* Work to complete
Please keep pictures out and return the lines below exactly, from the one holding "Apartament 3 camere - 4 City North - 4" through the last, both included.

* Data

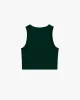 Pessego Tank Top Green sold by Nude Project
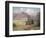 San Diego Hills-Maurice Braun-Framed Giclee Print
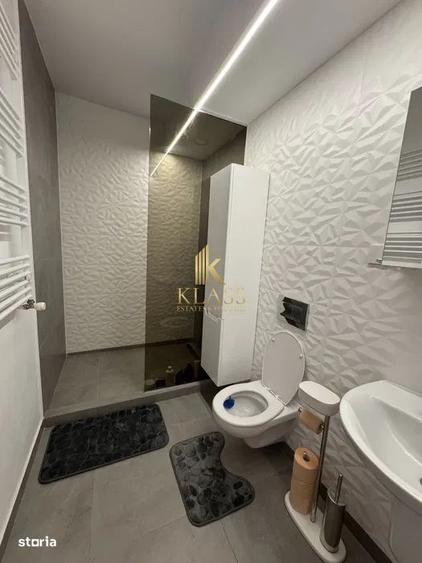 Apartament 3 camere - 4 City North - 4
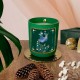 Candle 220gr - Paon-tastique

* Output
 Apartament 3 camere - 4 City North - 4
 Candle 220gr - Paon-tastique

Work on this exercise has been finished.